1. For each source node s, run BFS.
2. During BFS, compute distances, predecessor lists, and shortest-path counts σ.
3. Push visited nodes onto a stack in visitation order.
4. Pop nodes in reverse order and back-propagate dependencies δ.
5. Add dependency contributions into CB(v).

Markov Models

A first-order Markov model assumes the next state depends only on the current state, not the full history.

P(Xt | X1, ..., Xt-1) ≈ P(Xt | Xt-1)

This yields the standard sequence factorisation:

P(X1, ..., XT) ≈ ∏t P(Xt | Xt-1)

Markov Chain

• Finite discrete states.
• States are fully observable.
• Transitions have probabilities.

Markov chains are good when the states themselves are directly visible. They are not enough when the real states are hidden and we only observe side effects.

Hidden Markov Models

An HMM adds an observation layer to a Markov chain. Hidden states evolve according to transition probabilities, and each hidden state emits observable symbols according to an emission distribution.

Assumptions

1. Markov / limited-horizon assumption: transitions depend only on the previous state.
2. Output independence assumption: the observation at time t depends only on the current hidden state Xt.

P(Ot | X1...XT, O1...OT) ≈ P(Ot | Xt)

Formal Components

Se

Set of emitting hidden states {s1, ..., sN}.

s0, sf

Special start and end states.

K

Observation alphabet {k1, ..., kM}.

A

Transition matrix, where aij = P(Xt = sj | Xt-1 = si).

B

Emission matrix, where bi(kj) = P(Ot = kj | Xt = si).

Labelled Learning

Given paired state and observation sequences, estimate the parameters by relative frequency counts.

aij ≈ counttrans(si → sj) / counttrans(si)
bi(kj) ≈ countemission(kj from si) / countemission(si)

Add-one smoothing can also be applied here.

Core HMM Problems

Viterbi Decoding

Decoding asks for the single most likely hidden state sequence given the observation sequence and HMM parameters.

X̂ = argmaxX P(X, O | μ)
   = argmaxX ∏t P(Ot | Xt, B) P(Xt | Xt-1, A)

Brute force tries all O(N^T) state sequences, which is infeasible.

Dynamic Programming Idea

For each time and state, keep only the probability of the best path ending there.

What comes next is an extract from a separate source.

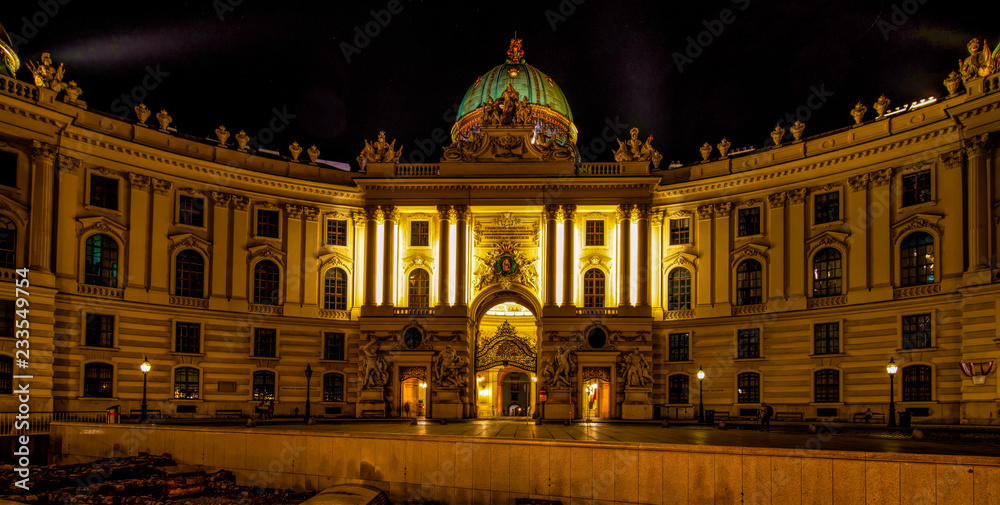 Obraz premium Hofburg Wiedeń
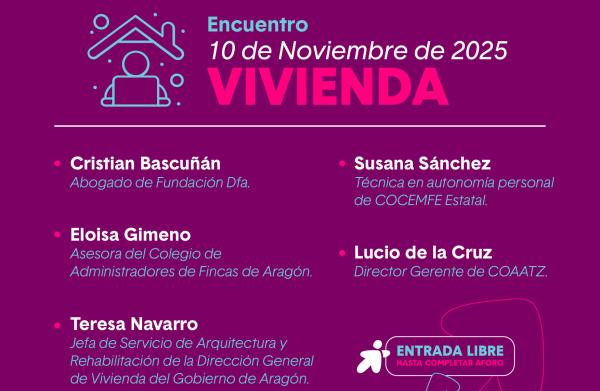 Cartel encuentro vivienda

This works because of the first-order Markov property.

Trellis Variables

δj(t) = max1≤i≤N [δi(t-1) aij bj(Ot)]

δj(t) is the probability of the best path that ends in state sj at time t.

ψj(t) = argmax1≤i≤N [δi(t-1) aij bj(Ot)]

ψj(t) stores the backpointer: which previous state gave that optimum.

Algorithm

1. Initialise first column from start probabilities and first emissions.
2. Recurrence fill the trellis left to right using δ and ψ.
3. Terminate by choosing the best final state.
4. Backtrace through ψ to recover the best hidden path.

Complexity

For a first-order HMM, Viterbi runs in O(N^2 T), a huge improvement over brute force.

Metrics Cheat Sheet

Accuracy

Accuracy = correct / total

Good when classes are balanced and all errors matter roughly equally.

Precision and Recall

Useful when one class is the real focus, or class balance is skewed.

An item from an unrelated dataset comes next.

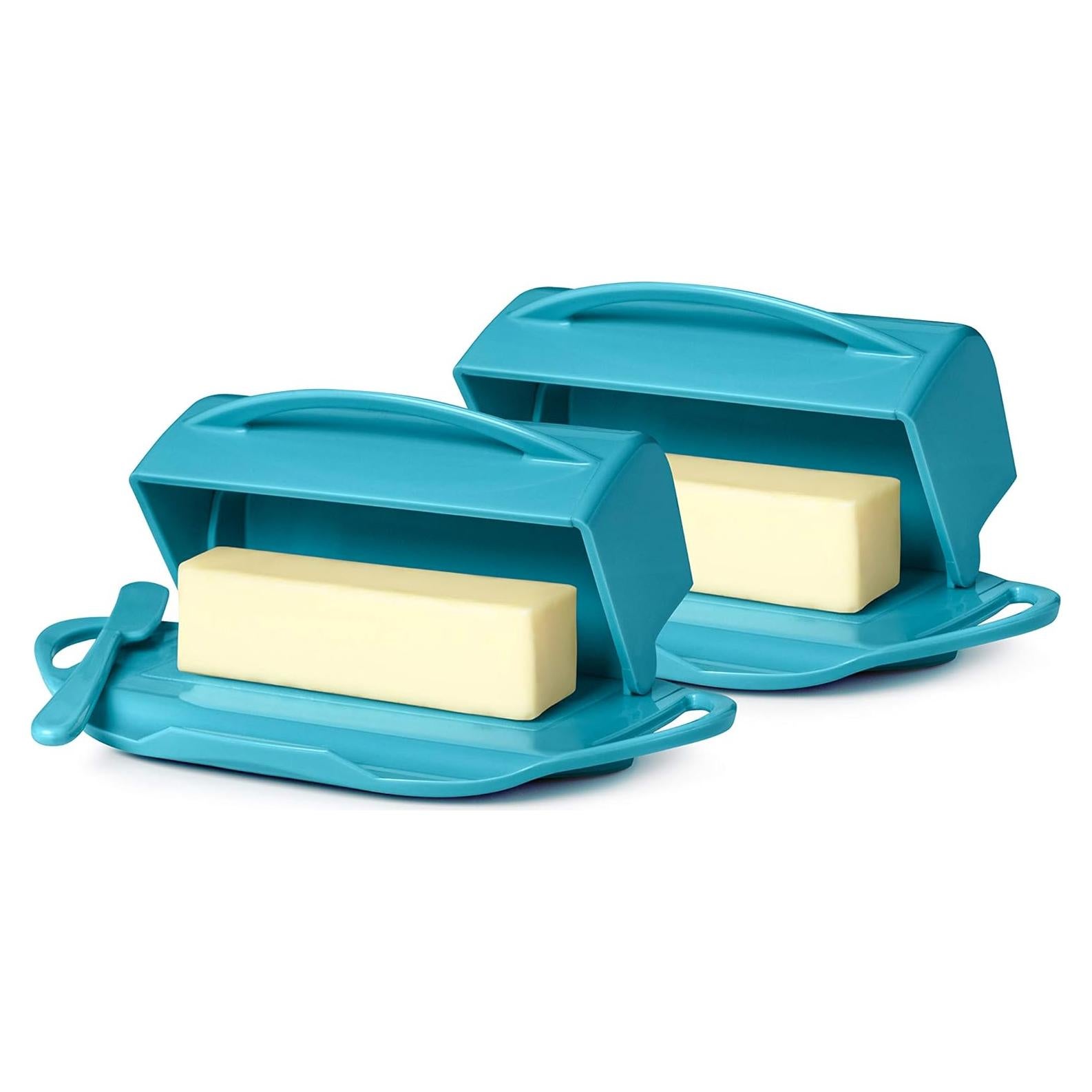 Butterie Plato de Mantequilla con Tapa y Cuchillo Aqua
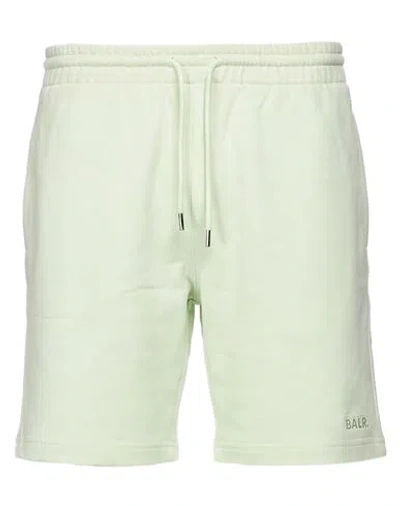 Balr. Man Shorts & Bermuda Shorts Light Green Size Xs Cotton, Polyester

Precision = TP / (TP + FP)
Recall    = TP / (TP + FN)
F1        = 2PR / (P + R)

In the HMM dice task, the lectures emphasise measuring these for the interesting class L rather than relying only on accuracy.

When To Prefer What

What To Say In Answers

For classification questions

• Define features, classes, and the independence assumption explicitly.
• State why smoothing is needed using Zipf and Heaps, not just “because unseen words exist”.
• Separate training, validation, and test roles clearly.
• Never equate higher score with proven superiority unless significance is addressed.

For network questions

• Distinguish degree from centrality.
• Explain that betweenness counts shortest-path dependence, not generic “importance”.
• For diameter on unweighted graphs, mention BFS-based shortest paths.
• For community splitting, connect edge betweenness to sparse inter-cluster links.

For HMM questions

• State the two assumptions: first-order transitions and output independence.
• Distinguish hidden states from observations.
• Say exactly what A and B represent.
• For Viterbi, mention trellis, recurrence, backpointers, and O(N^2 T) complexity.